[Given entries]
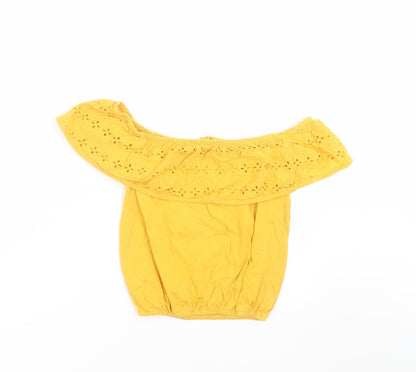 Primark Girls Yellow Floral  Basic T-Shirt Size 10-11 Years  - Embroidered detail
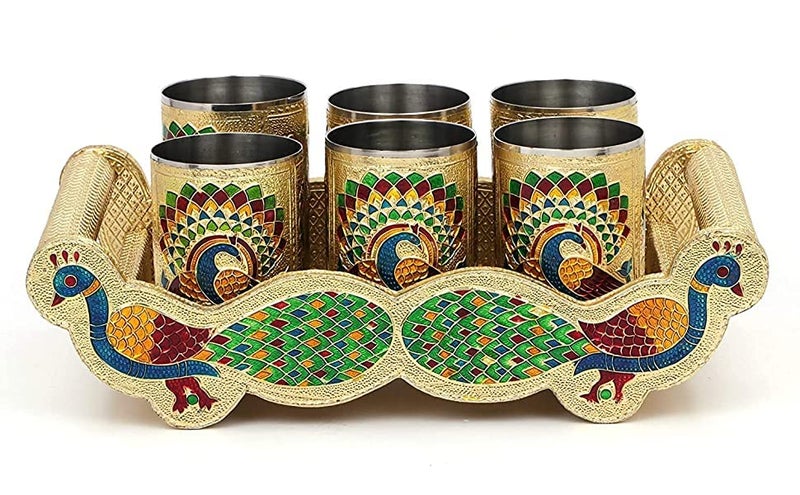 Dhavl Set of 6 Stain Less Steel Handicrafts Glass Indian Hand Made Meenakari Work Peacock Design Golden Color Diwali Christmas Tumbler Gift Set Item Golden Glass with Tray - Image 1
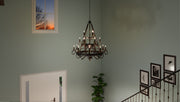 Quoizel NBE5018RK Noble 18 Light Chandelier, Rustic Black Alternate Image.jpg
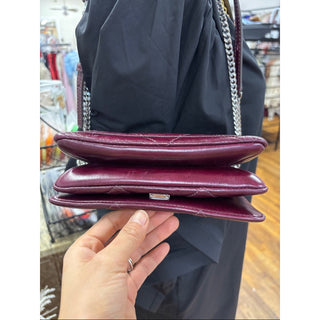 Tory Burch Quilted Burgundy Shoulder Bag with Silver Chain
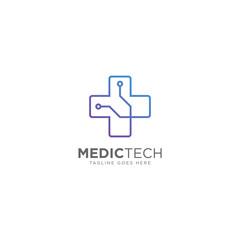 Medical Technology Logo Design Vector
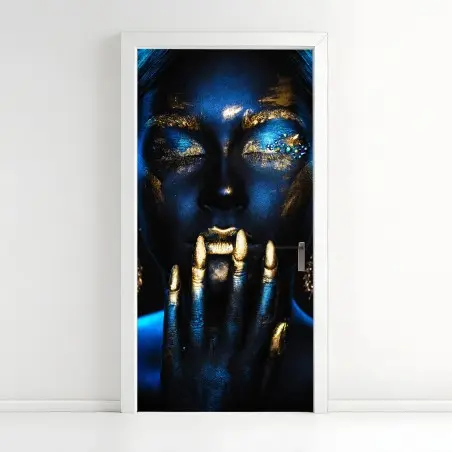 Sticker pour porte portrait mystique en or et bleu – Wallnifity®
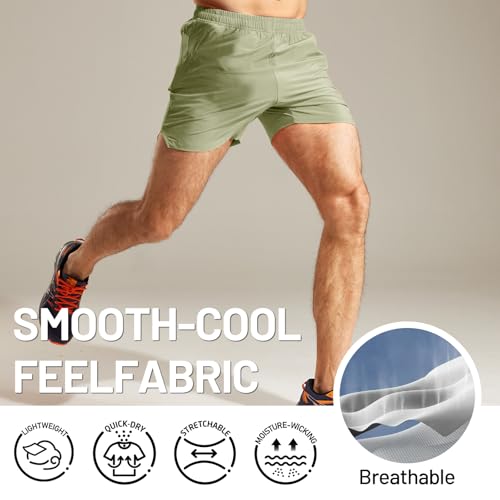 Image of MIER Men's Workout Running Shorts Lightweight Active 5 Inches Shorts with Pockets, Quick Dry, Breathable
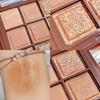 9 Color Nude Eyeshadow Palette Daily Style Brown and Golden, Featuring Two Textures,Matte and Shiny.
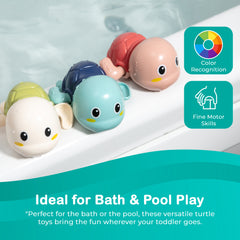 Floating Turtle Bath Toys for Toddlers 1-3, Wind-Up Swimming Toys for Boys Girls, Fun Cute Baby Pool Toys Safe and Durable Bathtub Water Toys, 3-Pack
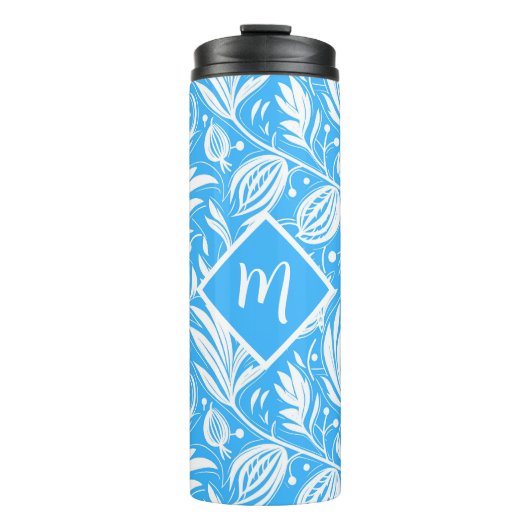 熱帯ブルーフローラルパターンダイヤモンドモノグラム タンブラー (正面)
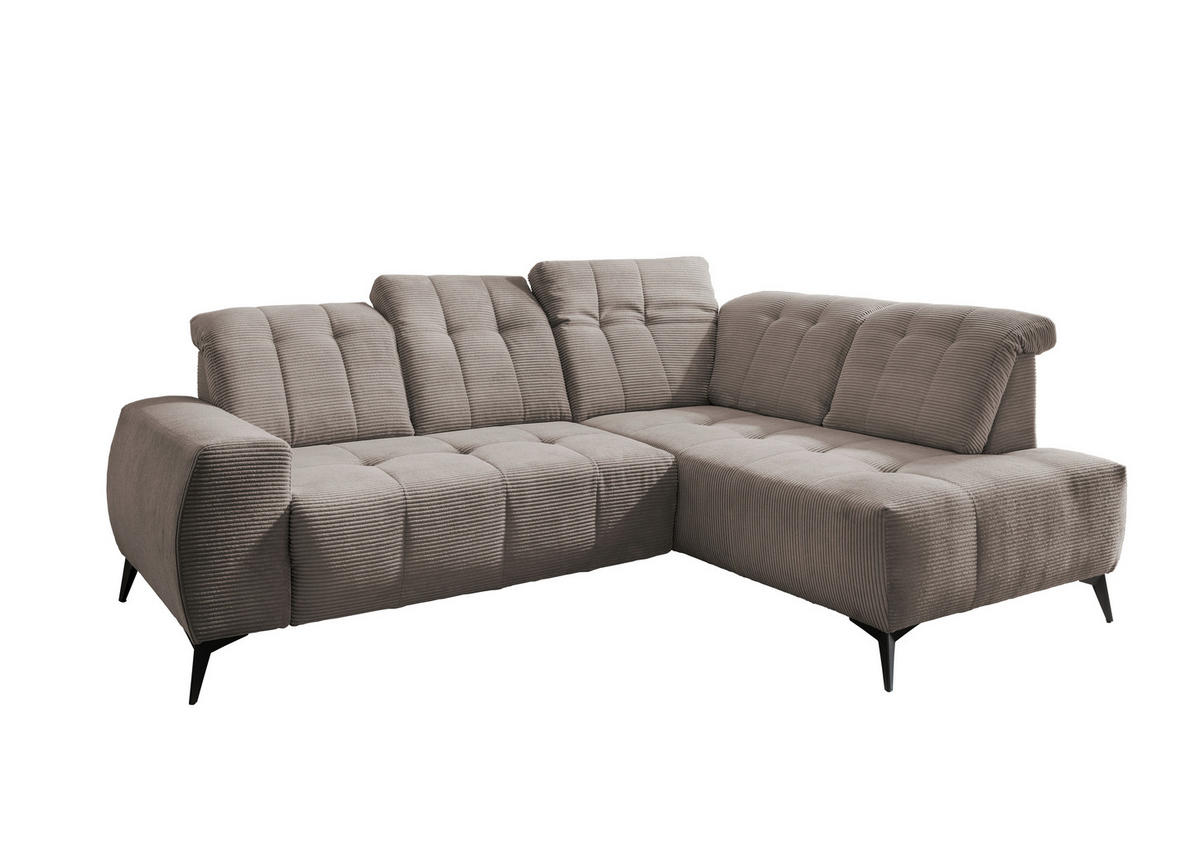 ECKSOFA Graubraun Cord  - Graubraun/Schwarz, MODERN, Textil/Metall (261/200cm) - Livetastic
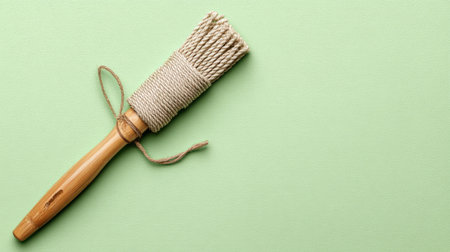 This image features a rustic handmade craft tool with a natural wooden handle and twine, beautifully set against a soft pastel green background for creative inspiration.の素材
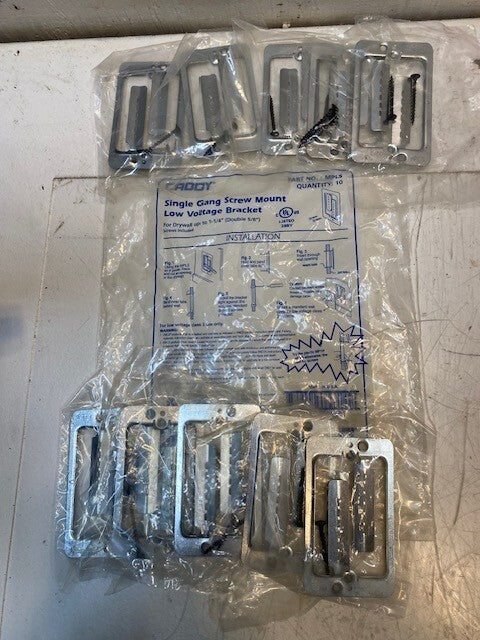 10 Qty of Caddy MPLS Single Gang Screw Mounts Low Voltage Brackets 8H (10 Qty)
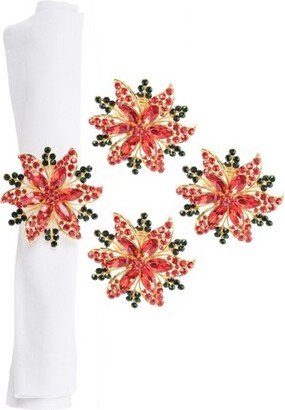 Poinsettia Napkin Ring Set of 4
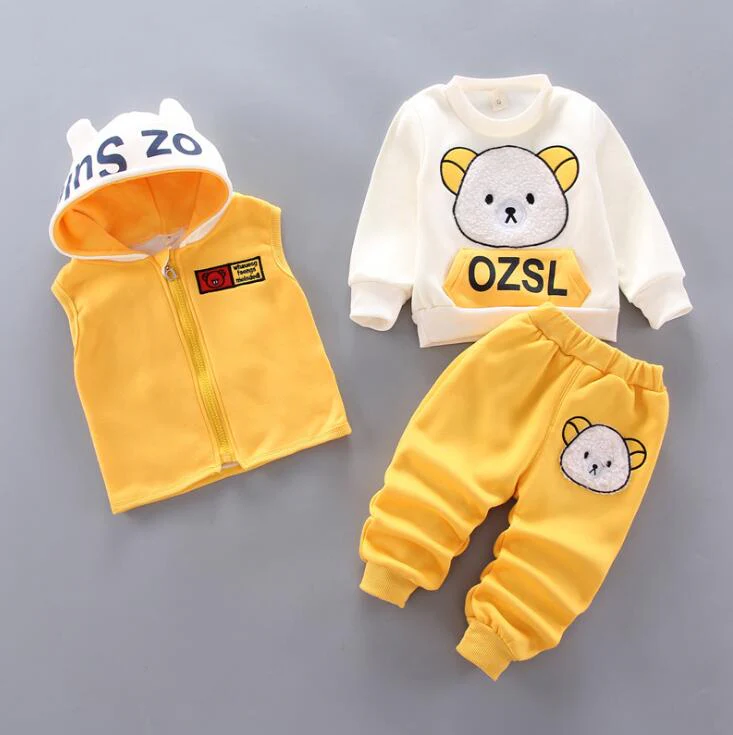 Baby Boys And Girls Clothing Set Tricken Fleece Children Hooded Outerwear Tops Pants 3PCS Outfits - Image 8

[Exercise aim] Retype all the data exactly; skip the pictures.

[Task output]
 Primark Girls Yellow Floral  Basic T-Shirt Size 10-11 Years  - Embroidered detail
 Dhavl Set of 6 Stain Less Steel Handicrafts Glass Indian Hand Made Meenakari Work Peacock Design Golden Color Diwali Christmas Tumbler Gift Set Item Golden Glass with Tray - Image 1
 Quoizel NBE5018RK Noble 18 Light Chandelier, Rustic Black Alternate Image.jpg
 Tory Burch Quilted Burgundy Shoulder Bag with Silver Chain
 Medical Technology Logo Design Vector
 Sticker pour porte portrait mystique en or et bleu – Wallnifity®
 Image of MIER Men's Workout Running Shorts Lightweight Active 5 Inches Shorts with Pockets, Quick Dry, Breathable
 9 Color Nude Eyeshadow Palette Daily Style Brown and Golden, Featuring Two Textures,Matte and Shiny.
 Floating Turtle Bath Toys for Toddlers 1-3, Wind-Up Swimming Toys for Boys Girls, Fun Cute Baby Pool Toys Safe and Durable Bathtub Water Toys, 3-Pack
 熱帯ブルーフローラルパターンダイヤモンドモノグラム タンブラー (正面)
 ECKSOFA Graubraun Cord  - Graubraun/Schwarz, MODERN, Textil/Metall (261/200cm) - Livetastic
 This image features a rustic handmade craft tool with a natural wooden handle and twine, beautifully set against a soft pastel green background for creative inspiration.の素材
 10 Qty of Caddy MPLS Single Gang Screw Mounts Low Voltage Brackets 8H (10 Qty)
 Poinsettia Napkin Ring Set of 4
 Baby Boys And Girls Clothing Set Tricken Fleece Children Hooded Outerwear Tops Pants 3PCS Outfits - Image 8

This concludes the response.